# The Validity of Bioelectrical Impedance Analysis Compared to a Four-Compartment Model in Healthy Adults: A Systematic Review

**Authors:** Christopher J. Oliver, Luke Del Vecchio, Michelle Minehan, Mike Climstein, Nedeljka Rosic, Stephen Myers, Grant Tinsley

PMC · DOI: 10.3390/jfmk11010065 · Journal of Functional Morphology and Kinesiology · 2026-01-31

## TL;DR

This review compares bioelectrical impedance analysis to a four-compartment model for body composition and finds BIA devices are not clinically equivalent.

## Contribution

The study systematically evaluates BIA's validity against the 4C model and highlights the need for standardization and alternative methods.

## Key findings

- BIA devices showed wide limits of agreement with the 4C model for body fat and fat-free mass.
- Mean bias for body fat ranged from -3.5% to +4.4%, and for fat-free mass from -3.9 kg to +1.8 kg.
- Variations in BIA device design and 4C methodology contributed to discrepancies in results.

## Abstract

Background: The four-compartment (4C) model is a criterion method for evaluating body composition tools like bioelectrical impedance analysis (BIA). This systematic review assessed the clinical equivalence of BIA devices compared to the 4C model and explored limitations in using the 4C model as a criterion method. Methods: Twelve cross-sectional and baseline longitudinal studies involving healthy, weight-stable, non-athlete, non-pregnant adults were included. The primary outcome was a Bland–Altman analysis, with bias, limits of agreement, and proportional bias extracted from each paper. The study quality was evaluated using the AXIS tool. Due to the high variability across studies, a meta-analysis was not performed. Results: BIA devices generally performed poorly against the 4C model estimates of percentage body fat and fat-free mass. Across the 12 studies, mean bias for percentage body fat between BIA and the 4C model ranged from −3.5% to +4.4%, with limits of agreement typically spanning 15 to 20 percentage points.
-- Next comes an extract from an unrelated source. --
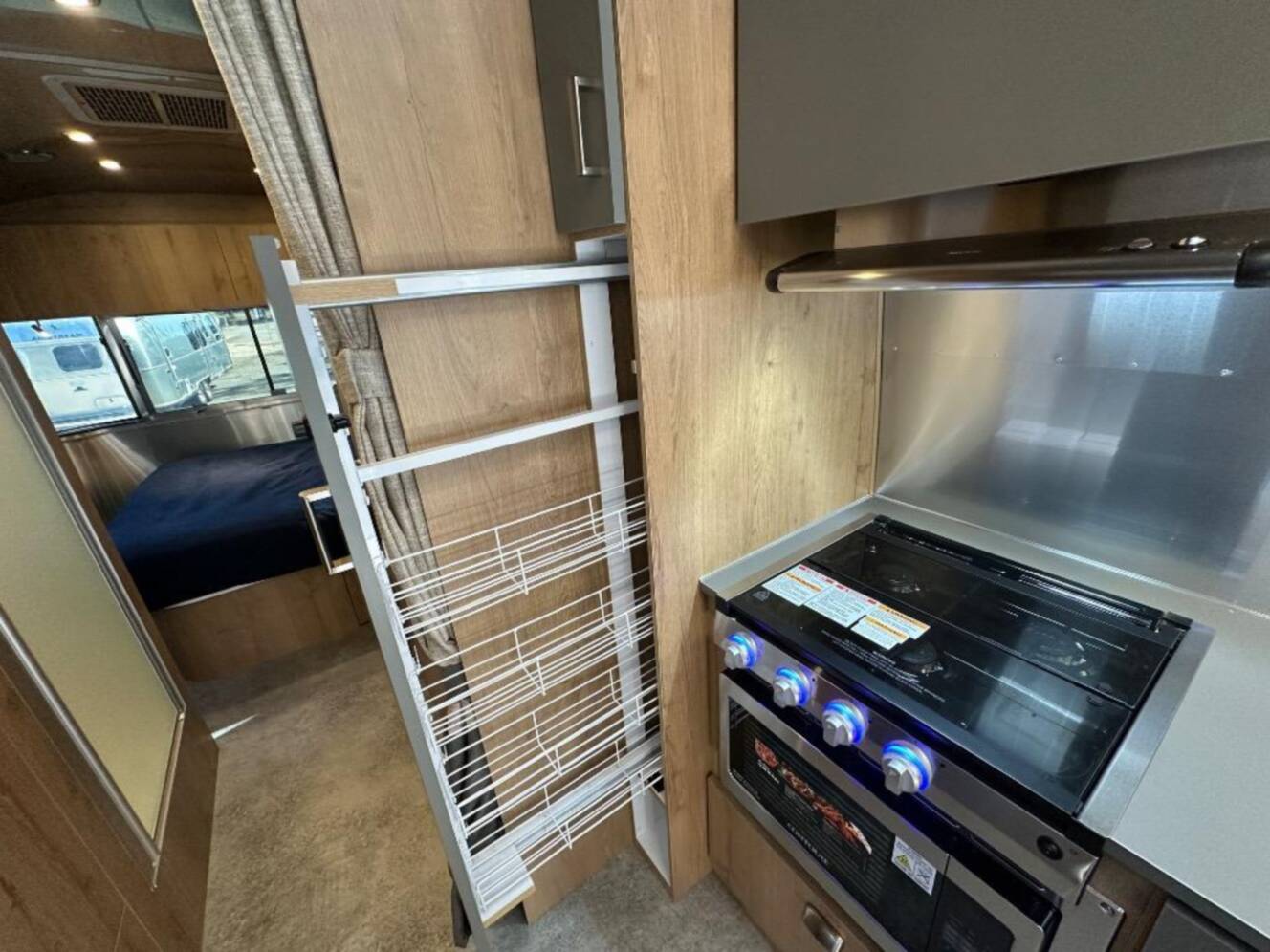 A photo of this 2026 Airstream Trade Wind 25FB Queen With Hatch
For fat-free mass, mean bias ranged from −3.9 kg to +1.8 kg, with limits of agreement often exceeding ±6 kg. These wide limits indicate non-equivalence at the individual level despite small mean differences. Differences in both BIA device design and variations in 4C methodology across studies may have contributed to these discrepancies. Conclusions: BIA estimates of percentage body fat and fat-free mass were overall not equivalent to the 4C model. Alternative criterion methods, such as MRI, and use of raw BIA data are recommended. Standardization of BIA devices is also needed for improved clinical and research use.

## Full-text entities

- **Diseases:** injury to (MESH:D014947)
- **Chemicals:** Mo (MESH:D008982), alcohol (MESH:D000438), water (MESH:D014867), deuterium (MESH:D003903), SFB7 (-)
- **Species:** Homo sapiens (human, species) [taxon 9606]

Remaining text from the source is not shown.